U.S. Markets closed

Wanna be in the Super Bowl? Pay up.

Nicole Goodkind
Nicole Goodkind

Performing at the Super Bowl halftime show means huge exposure and a boom in sales for even the most hallowed artist, which is why performers like Beyoncé, Madonna, Paul McCartney and Bruce Springsteen have agreed to perform free of charge. According to a report from The Wall Street Journal, however, the NFL is now asking potential halftime artists to pay them to perform.

The NFL reasons that the exposure halftime performers receive boost their album and tour sales substantially. Last year’s show brought in 115.3 million viewers -- about 3 million more viewers than the game's average. To put that into perspective, the 86th Academy Awards had 43.8 million viewers and the 56th Grammy Awards had 28.5 million.

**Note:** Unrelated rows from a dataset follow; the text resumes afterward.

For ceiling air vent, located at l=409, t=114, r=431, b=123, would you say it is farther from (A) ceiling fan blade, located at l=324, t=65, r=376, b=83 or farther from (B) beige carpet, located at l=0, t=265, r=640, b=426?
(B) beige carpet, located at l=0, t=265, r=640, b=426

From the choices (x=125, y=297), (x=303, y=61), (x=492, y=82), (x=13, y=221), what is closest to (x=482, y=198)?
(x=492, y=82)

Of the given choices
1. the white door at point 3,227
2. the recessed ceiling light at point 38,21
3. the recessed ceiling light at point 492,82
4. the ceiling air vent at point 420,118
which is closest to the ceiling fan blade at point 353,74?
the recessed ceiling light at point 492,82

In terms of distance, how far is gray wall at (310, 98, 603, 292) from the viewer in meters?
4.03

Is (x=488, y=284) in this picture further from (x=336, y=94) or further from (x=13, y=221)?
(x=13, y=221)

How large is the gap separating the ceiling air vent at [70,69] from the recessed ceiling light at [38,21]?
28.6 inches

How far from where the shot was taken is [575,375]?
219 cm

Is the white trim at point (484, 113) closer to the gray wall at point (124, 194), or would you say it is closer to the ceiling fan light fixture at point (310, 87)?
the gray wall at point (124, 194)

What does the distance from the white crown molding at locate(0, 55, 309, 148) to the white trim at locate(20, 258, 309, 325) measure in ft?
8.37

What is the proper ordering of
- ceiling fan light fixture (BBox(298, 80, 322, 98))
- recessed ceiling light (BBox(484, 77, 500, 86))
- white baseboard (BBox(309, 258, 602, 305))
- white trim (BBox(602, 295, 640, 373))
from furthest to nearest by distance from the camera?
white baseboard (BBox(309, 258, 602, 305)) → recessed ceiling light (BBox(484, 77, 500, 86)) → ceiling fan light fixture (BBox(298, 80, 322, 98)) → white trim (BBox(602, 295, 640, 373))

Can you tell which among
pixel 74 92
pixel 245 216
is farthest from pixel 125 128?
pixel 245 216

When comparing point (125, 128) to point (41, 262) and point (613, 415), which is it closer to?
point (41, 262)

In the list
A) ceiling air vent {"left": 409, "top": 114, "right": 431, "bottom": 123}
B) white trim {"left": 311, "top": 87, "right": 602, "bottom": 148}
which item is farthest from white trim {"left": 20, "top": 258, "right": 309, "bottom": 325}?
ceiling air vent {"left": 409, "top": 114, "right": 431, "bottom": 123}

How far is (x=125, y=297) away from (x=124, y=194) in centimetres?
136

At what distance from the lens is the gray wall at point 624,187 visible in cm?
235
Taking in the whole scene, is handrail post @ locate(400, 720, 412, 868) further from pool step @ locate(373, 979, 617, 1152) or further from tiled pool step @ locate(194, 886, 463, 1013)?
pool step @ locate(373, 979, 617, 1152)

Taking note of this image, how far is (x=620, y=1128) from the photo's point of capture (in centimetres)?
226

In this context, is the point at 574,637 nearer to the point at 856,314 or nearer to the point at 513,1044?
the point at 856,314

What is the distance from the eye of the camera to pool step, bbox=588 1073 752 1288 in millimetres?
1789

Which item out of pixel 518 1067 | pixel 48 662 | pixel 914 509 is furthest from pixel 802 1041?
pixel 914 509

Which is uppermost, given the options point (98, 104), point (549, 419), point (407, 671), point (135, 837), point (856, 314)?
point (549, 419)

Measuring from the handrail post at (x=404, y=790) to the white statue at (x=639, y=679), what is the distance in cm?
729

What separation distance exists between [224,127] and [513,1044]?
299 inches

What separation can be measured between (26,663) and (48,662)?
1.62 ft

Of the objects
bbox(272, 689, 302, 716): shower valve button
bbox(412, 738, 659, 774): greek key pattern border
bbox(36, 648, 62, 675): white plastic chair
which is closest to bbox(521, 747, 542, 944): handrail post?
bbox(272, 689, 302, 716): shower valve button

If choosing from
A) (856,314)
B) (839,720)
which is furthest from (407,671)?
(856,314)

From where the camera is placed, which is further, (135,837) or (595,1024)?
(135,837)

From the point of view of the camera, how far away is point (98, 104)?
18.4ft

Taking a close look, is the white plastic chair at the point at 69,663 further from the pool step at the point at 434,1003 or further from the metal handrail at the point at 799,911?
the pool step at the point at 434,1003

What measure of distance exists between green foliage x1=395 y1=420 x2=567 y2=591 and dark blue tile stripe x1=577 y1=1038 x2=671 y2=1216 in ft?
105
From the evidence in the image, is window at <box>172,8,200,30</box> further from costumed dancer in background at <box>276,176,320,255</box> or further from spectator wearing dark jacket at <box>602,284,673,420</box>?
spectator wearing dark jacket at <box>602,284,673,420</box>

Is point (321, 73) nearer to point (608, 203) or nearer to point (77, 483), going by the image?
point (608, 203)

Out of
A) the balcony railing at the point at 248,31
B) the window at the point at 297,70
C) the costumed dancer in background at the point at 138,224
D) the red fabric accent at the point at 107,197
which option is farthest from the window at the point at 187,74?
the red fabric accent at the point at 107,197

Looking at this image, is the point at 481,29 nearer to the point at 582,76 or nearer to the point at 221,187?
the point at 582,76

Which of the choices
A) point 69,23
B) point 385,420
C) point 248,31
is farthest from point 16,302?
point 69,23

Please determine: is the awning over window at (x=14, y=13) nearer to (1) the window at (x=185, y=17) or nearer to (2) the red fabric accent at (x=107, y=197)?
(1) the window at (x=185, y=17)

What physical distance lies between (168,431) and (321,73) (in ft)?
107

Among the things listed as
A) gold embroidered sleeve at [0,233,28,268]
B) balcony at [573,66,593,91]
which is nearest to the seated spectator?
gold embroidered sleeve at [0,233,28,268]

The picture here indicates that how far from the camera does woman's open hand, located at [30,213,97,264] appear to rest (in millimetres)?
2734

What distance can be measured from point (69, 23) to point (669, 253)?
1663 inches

Bruno Mars, last year’s performer, began selling tickets for his 2013/2014 Moonshine Jungle Tour the day after the Super Bowl. The tour grossed $98.3 million in sales. Beyoncé, the 2013 halftime star, did the same with her Mrs. Carter Show tour, which grossed $188.6 million in sales. The NFL covers travel and production costs for the halftime show and though Pepsi is the show's biggest sponsor it does not “sign or work any deals with the talent selected.” Beyoncé, however, inked a deal with Pepsi for $50 million that happened to coincide with her Super Bowl appearance.

According to The Wall Street Journal, the NFL contacted representatives of Katy Perry, Coldplay and Rihanna about potentially playing the 2015 halftime show and asked some of the artists if they would be willing to give up a portion of their post-Super Bowl income in order to land the job.

“You’re talking about a huge audience here,” says Yahoo Finance editor-in-chief Aaron Task. “We’re talking about tent-pole events...that halftime show is a huge opportunity for whoever gets chosen to do it.”

Though halftime shows cost millions to produce, the NFL isn’t going broke because of them. In 2013 the league made over $9 billion, making them the most profitable sports league in the world.

“The NFL is unbelievably powerful,” says Task. “That’s why they’re able to do this or even talk about doing it.”